The following code is a minimum working example:

#include <iostream>
#include <thread>
#include <vector>

#include <hip/hip_runtime.h>
#include <hipfft/hipfft.h>
#include <thrust/complex.h>

const int NTHREADS {64};
const int N {128};

int main() {
    std::vector<std::thread> threads;

    for (int n {}; n < NTHREADS; ++n) {
        threads.emplace_back([n=n] {
            std::cout << "Thread ID=" << n << " starting..." << std::endl;

            hipfftHandle plan {};
            int rank[] {N, N};
            hipfftPlanMany(&plan, 2, rank, rank, 1, 1, rank, 1, 1, HIPFFT_C2C, 1);
            hipfftSetStream(plan, hipStreamPerThread);

            std::vector<thrust::complex<float>> xs_host(N * N);
            for (int i {}; i < 100; ++i) {
                thrust::complex<float>* xs_device {};
                hipMallocAsync(
                    &xs_device,
                    sizeof(thrust::complex<float>) * xs_host.size(),
                    hipStreamPerThread
                );
                hipStreamSynchronize(hipStreamPerThread);

                hipFreeAsync(xs_device, hipStreamPerThread);
                hipStreamSynchronize(hipStreamPerThread);
            }

            hipfftDestroy(plan);

            std::cout << "Thread ID=" << n << " finishing..." << std::endl;
        });
    }

    for (auto& thread : threads) thread.join();
}

You can see it's not really doing anything at all - just creating an fftplan and then a bunch of memory allocations, transfers and then deallocations. However, on my own system this will reliably deadlock.

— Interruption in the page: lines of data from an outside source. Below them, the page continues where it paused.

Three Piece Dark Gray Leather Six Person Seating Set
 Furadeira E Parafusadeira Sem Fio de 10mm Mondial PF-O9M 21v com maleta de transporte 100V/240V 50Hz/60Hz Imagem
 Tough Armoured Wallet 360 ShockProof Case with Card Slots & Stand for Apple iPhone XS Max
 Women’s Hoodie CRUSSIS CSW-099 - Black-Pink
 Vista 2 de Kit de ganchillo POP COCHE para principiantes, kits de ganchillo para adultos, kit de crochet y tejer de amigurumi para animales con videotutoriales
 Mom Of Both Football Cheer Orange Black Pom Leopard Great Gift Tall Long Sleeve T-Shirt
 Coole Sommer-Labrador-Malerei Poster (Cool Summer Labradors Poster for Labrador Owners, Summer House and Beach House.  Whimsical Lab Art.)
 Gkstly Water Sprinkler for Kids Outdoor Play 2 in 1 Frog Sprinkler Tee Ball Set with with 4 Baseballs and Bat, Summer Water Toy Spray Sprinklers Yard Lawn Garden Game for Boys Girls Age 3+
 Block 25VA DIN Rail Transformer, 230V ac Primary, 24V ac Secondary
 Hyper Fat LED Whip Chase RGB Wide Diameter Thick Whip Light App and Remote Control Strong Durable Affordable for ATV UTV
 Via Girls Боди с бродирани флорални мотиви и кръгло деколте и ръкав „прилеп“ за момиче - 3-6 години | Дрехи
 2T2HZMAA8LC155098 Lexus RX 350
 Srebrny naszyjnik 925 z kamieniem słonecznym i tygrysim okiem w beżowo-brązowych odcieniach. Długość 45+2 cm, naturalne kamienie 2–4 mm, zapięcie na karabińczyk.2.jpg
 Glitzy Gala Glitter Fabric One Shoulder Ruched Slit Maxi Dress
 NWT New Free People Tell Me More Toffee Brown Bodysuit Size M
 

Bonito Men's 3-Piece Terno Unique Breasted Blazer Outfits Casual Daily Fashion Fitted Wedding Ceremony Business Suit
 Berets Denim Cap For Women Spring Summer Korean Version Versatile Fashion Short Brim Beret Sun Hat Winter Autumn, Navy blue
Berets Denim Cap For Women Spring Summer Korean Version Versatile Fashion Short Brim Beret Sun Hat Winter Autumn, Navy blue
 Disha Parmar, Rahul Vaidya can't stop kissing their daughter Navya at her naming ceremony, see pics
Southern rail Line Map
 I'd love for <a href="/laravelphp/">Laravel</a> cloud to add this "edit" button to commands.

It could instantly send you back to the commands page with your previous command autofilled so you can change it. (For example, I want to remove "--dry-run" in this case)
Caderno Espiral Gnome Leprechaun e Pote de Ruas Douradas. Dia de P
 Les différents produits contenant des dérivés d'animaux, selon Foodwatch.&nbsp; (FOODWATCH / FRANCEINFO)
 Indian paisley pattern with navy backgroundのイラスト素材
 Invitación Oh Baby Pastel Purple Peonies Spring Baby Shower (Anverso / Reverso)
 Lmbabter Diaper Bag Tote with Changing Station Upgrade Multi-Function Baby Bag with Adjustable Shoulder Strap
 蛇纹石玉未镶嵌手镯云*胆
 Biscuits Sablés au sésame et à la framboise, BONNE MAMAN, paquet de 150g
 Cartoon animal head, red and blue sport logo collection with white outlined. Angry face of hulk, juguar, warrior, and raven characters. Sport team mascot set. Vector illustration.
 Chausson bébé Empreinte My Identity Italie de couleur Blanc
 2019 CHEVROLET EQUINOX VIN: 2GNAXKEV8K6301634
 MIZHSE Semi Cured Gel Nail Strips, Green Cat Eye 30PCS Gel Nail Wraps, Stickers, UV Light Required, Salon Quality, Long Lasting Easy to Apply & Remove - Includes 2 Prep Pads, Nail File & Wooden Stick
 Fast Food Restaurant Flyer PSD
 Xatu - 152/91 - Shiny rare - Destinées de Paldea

Note that this does not deadlock if:

  • No fft plan is created
  • hipFreeAsync is not called
  • You compile this for CUDA backend instead

So it appears its some kind of interaction between initialising the fft plan, as well as alloc/dealloc device memory.

I can also only reliably reproduce the deadlock with a large number of threads. 1 thread never deadlocks, and even 12 threads seems to always (?) complete. 24 threads seems to deadlock often, and 32 threads reliably deadlocks.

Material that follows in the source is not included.